Livingoncake · 29/09/2019 16:29

I think you’re doing the right thing, OP. I’d do the same.

Though I’m sure at some point over the weekend, someone will say something like “Now, isn’t it so much nicer to be with your family, rather than just going off with DP like you were going to?” And you will either have to grit your teeth and lie your arse off, or excuse yourself to go scream into a pillow.

That aside, I do hope you have a lovely weekend. Your loved ones messed up, but they seem to be clueless rather than malicious, and you seem to understand that.

mummmy2017 · 29/09/2019 16:45

Aaarrgghhh it depends on the person, if your willing to accept you can't change something at short notice and can see that, it is possible to not throw a paddy and be an adult.
Life sometimes does no hand you what you expect

TheresAMouse · 29/09/2019 16:46

@Daftapath yes he is quite a hands on Dad. He does a good share of cooking and cleaning and does help out my DC also so I'm sure he knows what's involved and no idea why he would choose that for himself either.

Also hoping he will use his usual helpfulness to this particular weekend a little extra.

OP posts:
PrettyPurse · 29/09/2019 16:59

@TheresAMouse I'm very suspicious about his DC. When did he realise it was his weekend to have them?

I suspect THAT played a huge part in the plans changing

TheresAMouse · 29/09/2019 17:03

@PrettyPurse he says he changed to have them that weekend as a trade that he would be able to take me away in the previous weekend. He usually has them 1-2 nights every weekend. So a full weekend without always needs to be arranged.

OP posts:
Redshoesandtheblues · 29/09/2019 17:16

I think the change came about to facilitate his children and everything is a distraction and subterfuge.

Can't help but agree with that @billy1966

It makes no sense why he would he change plans (and throw in consolation weekend away beforehand) if he genuinely thought he was doing something that the OP would be happy with.

Even if the sister first mentioned the idea, surely easy enough to say, 'We've made the plans. This is what OP wants. We'll arrange a get together some other time.'.

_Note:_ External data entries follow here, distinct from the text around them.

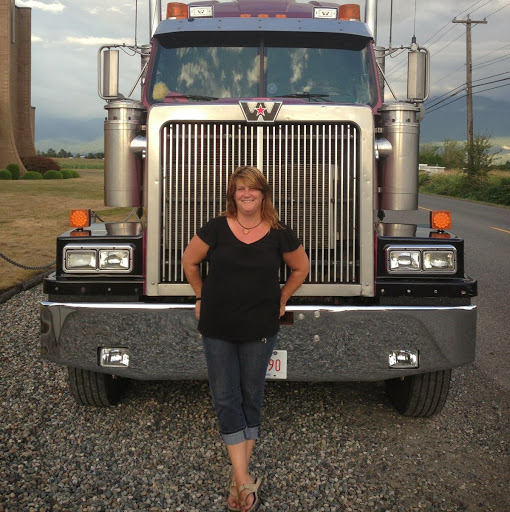 Carole Webster Photo 16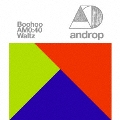 Boohoo / AM0:40 / Waltz<初回盤>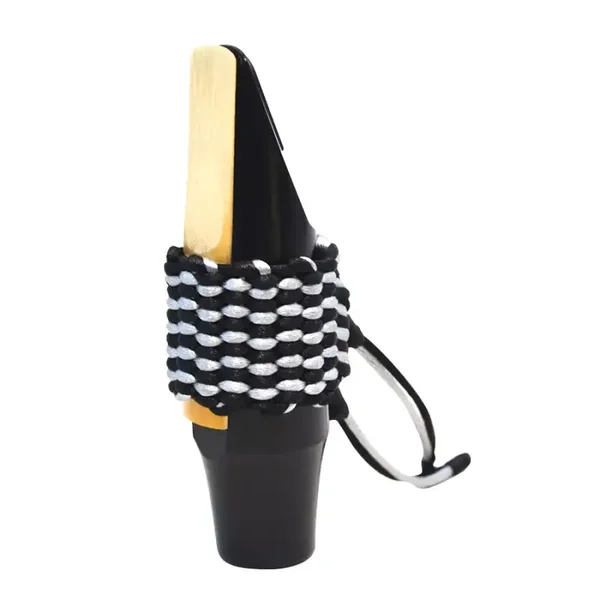 Bambú BC-01 Bicolour rietbinder Bb-klarinet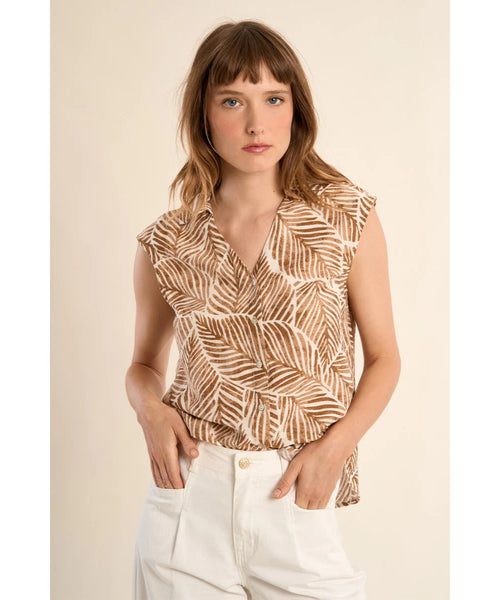 Take Me Away Top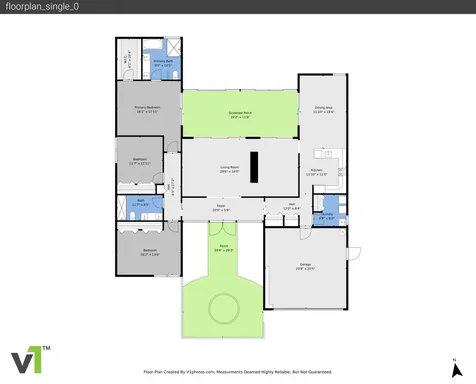 5935 Glenbrook Drive Boca Raton FL 33433
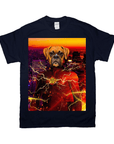 'Flash Doggo' Personalized Pet T-Shirt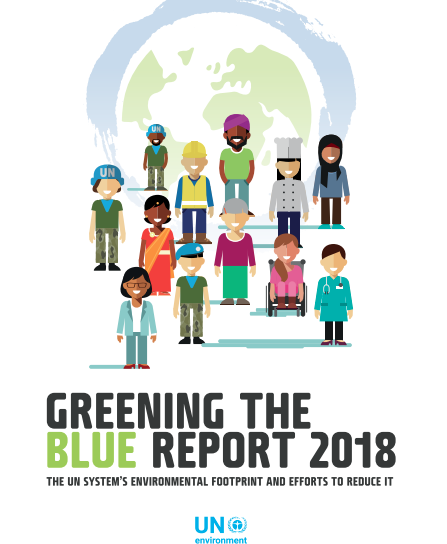 GTB Report 2018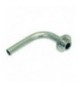 NIPPLO CURVO 90 CON CODOLO 5/8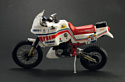 Italeri 4642 Yamaha Tenere 660Cc Paris Dakar 1986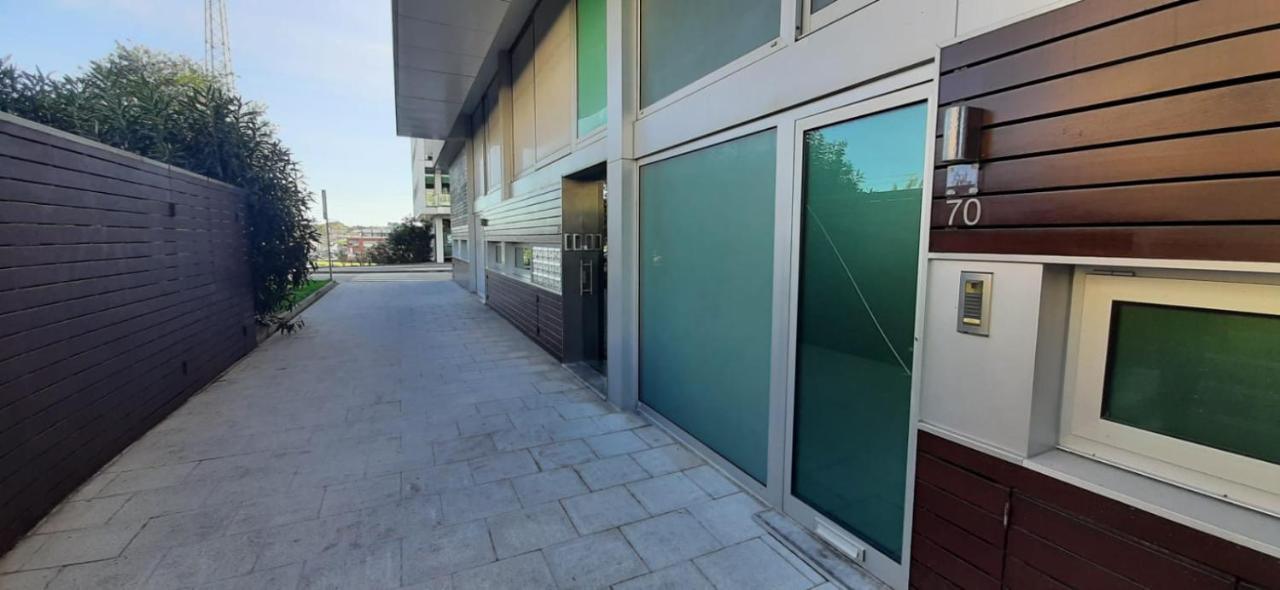 Flor De Sal Loft Apartment Авиеро Екстериор снимка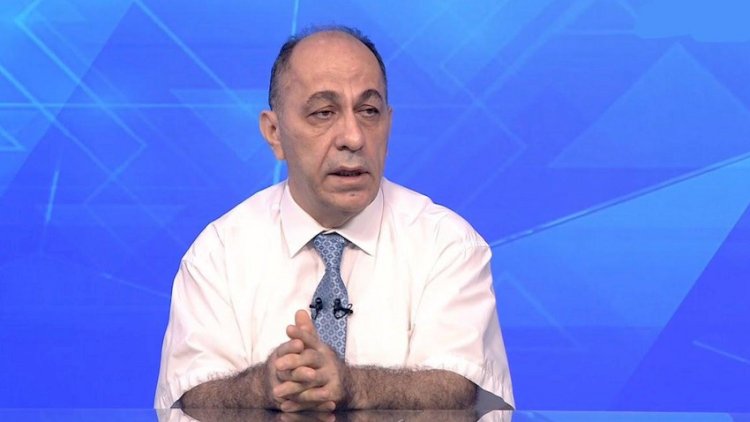    Professor: COVID-dən sonra onkoloji xəstəliklər artıb    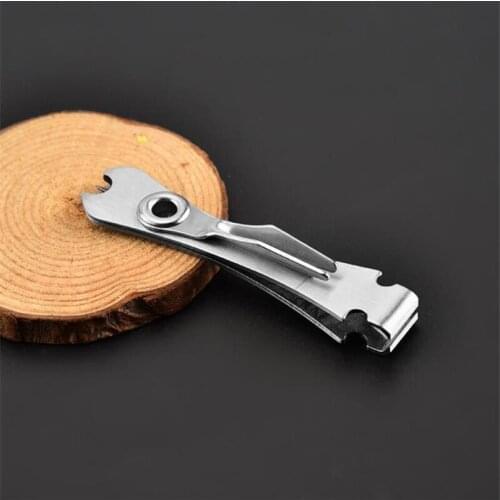 2021 Fishing Quick Knot Tying Tool Fly Fishing Line Nippers Tools Nail Cutter Tackle Accessories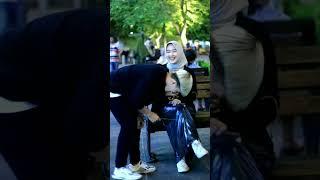 drama nembak ukhti cantik bikin baper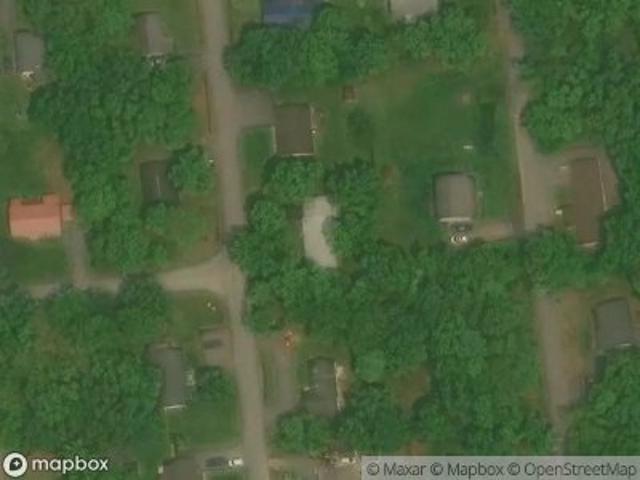 House for sale in Garrett, Maryland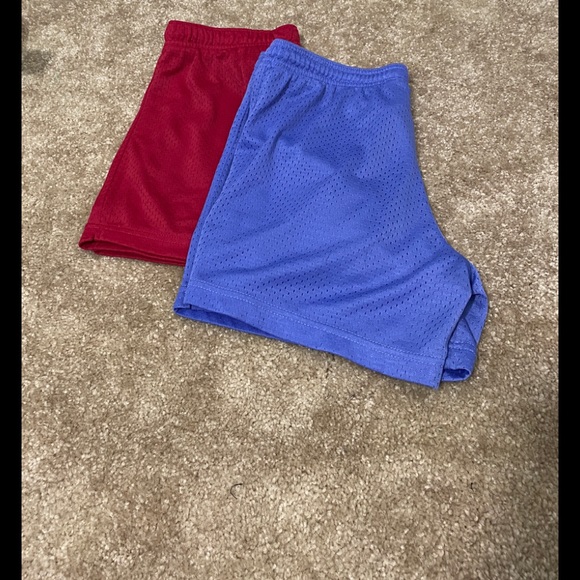 Activa junior large (12-14) shorts bundle - Picture 1 of 4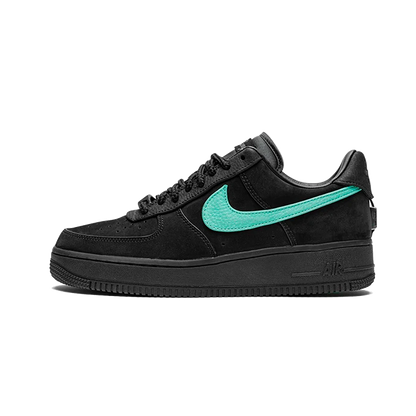 Nike Air Force 1 Low SP 1837 Tiffany & Co. - Sneaker Lane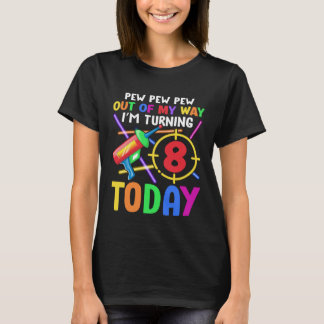T-shirt Votre source ultime pour un équipement de laser ta
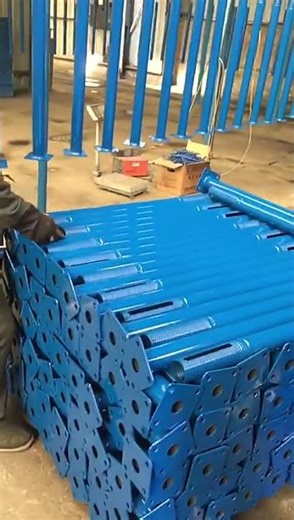 Adjustable Steel Props | Heavy Duty & Light Duty | TRICO Construction Solutions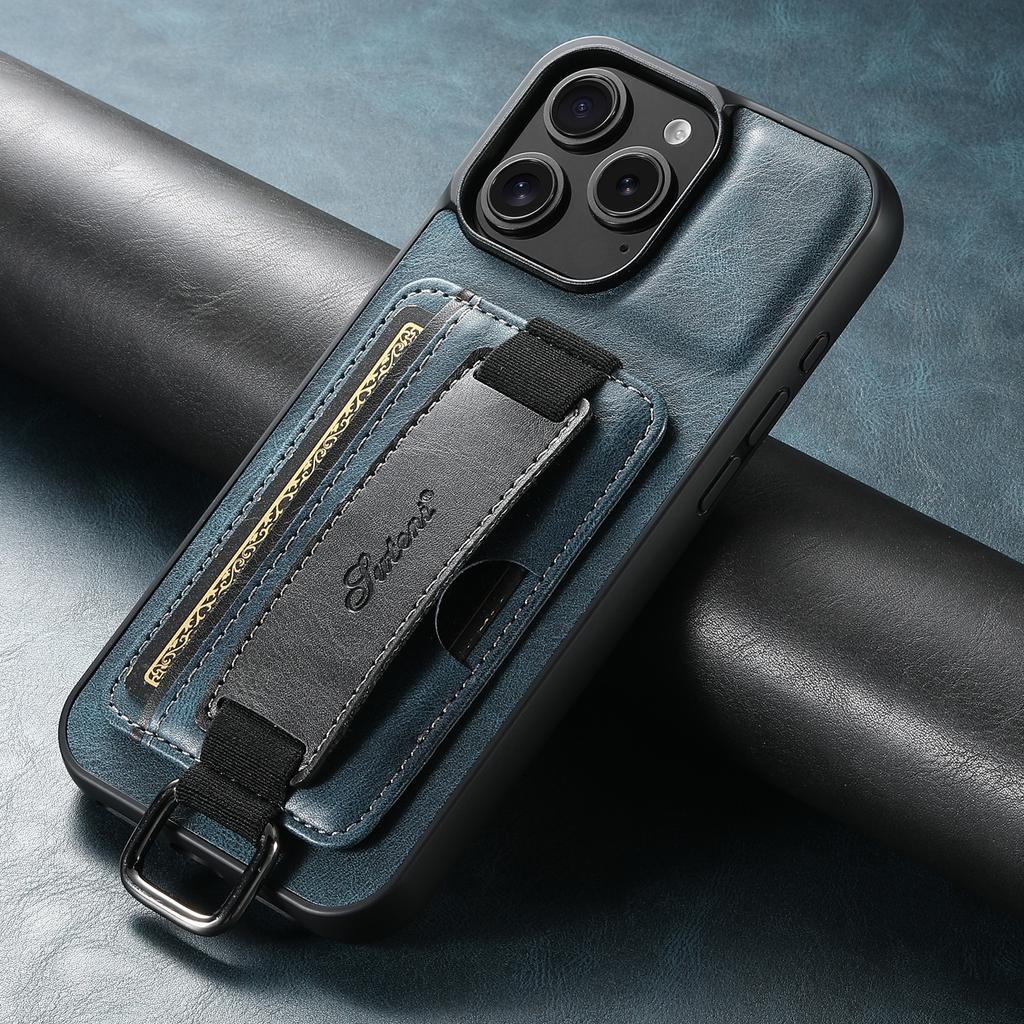 Etui na telefon JYL Handiwork do iPhone15Plus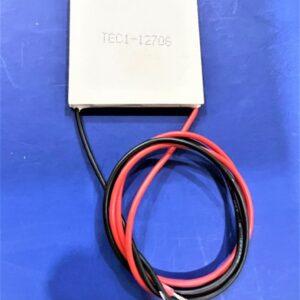 SÒ NÓNG LẠNH TEC1-12706 60W 12V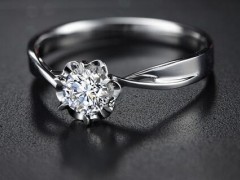 周大福鉆戒可以以舊換新嗎 周大福如何以舊換新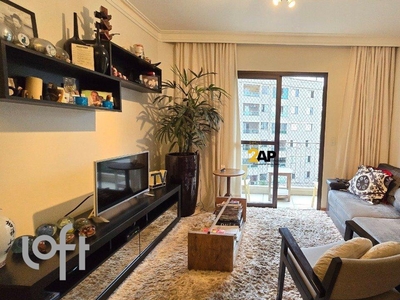 Apartamento à venda em Vila Andrade com 83 m², 3 quartos, 1 suíte, 1 vaga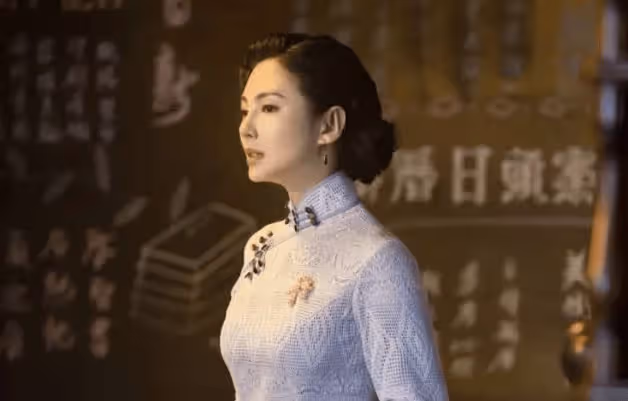 張雨綺又要出演新劇了?看到男主角人選,這個組合也太新鮮了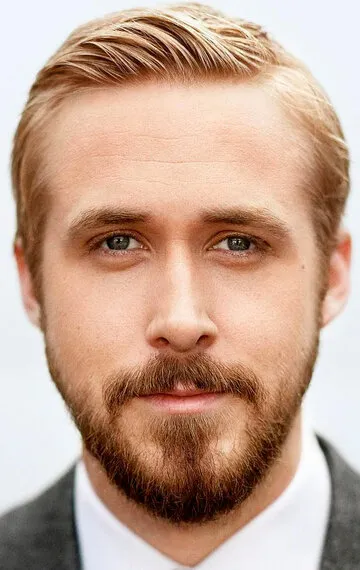 Фотография актёра Райан Гослинг (Ryan Gosling)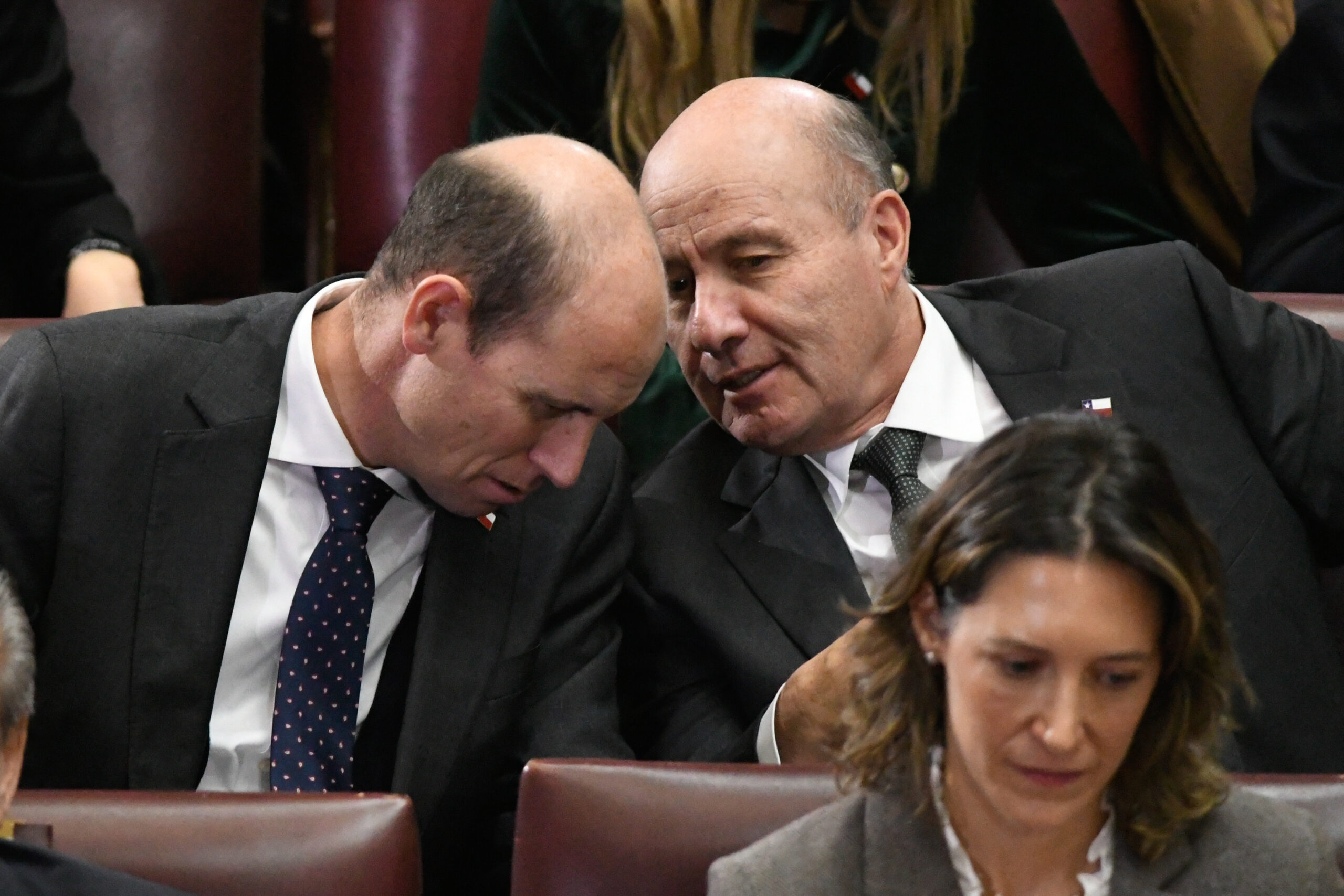Arrau y Quiroz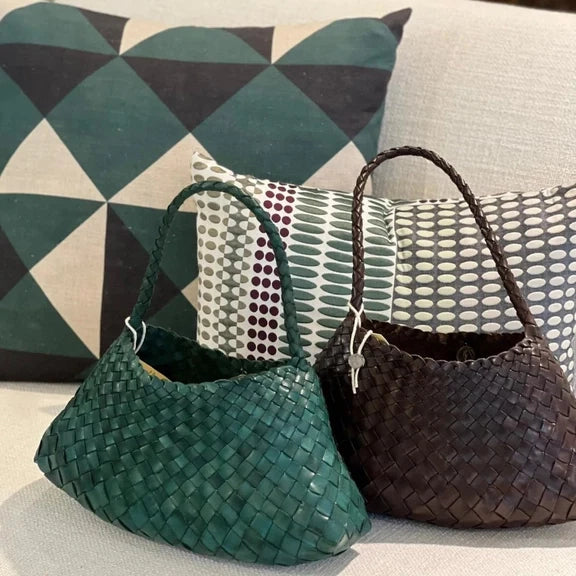 Dragon Diffusion Rosanna: Brown/Black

GrandmaSteglitszch · 29/09/2019 17:25

To whoever said no-one would say a thing if it was a woman who messed up like this : my DS is main carer for his children and I'd be furious on his behalf if this had happened to him.

I still don't understand why Mouse's Mum went along with it.

I very much hope the bunch of them have all the work sorted out between them.
(Wouldn't you expect them to do that anyway, as it's meant to be a birthday treat?)

PrettyPurse · 29/09/2019 17:29

@TheresAMouse he says he changed to have them that weekend as a trade that he would be able to take me away in the previous weekend

Exactly!! This weekend was changed to facilitate his children

Ellie666 · 29/09/2019 18:00

Sorry but I'd also be looking at the relationship, he definitely [ after 2 YEARS ] doesn't know you at all. Then again he is a man and a man NEVER EVER realises that there are times when a mother needs special time away from the kids. I am a person that hates bother and confrontation but I would definitely be voicing my displeasure as there is nothing, absolutely nothing worse than really looking forward to something [ and you think it is already planned ] for some one else to go and change things. Very wrong of him to do this without trying to work out why she planned the weekend away together without the kids in the first place. Typical thick unthinking man.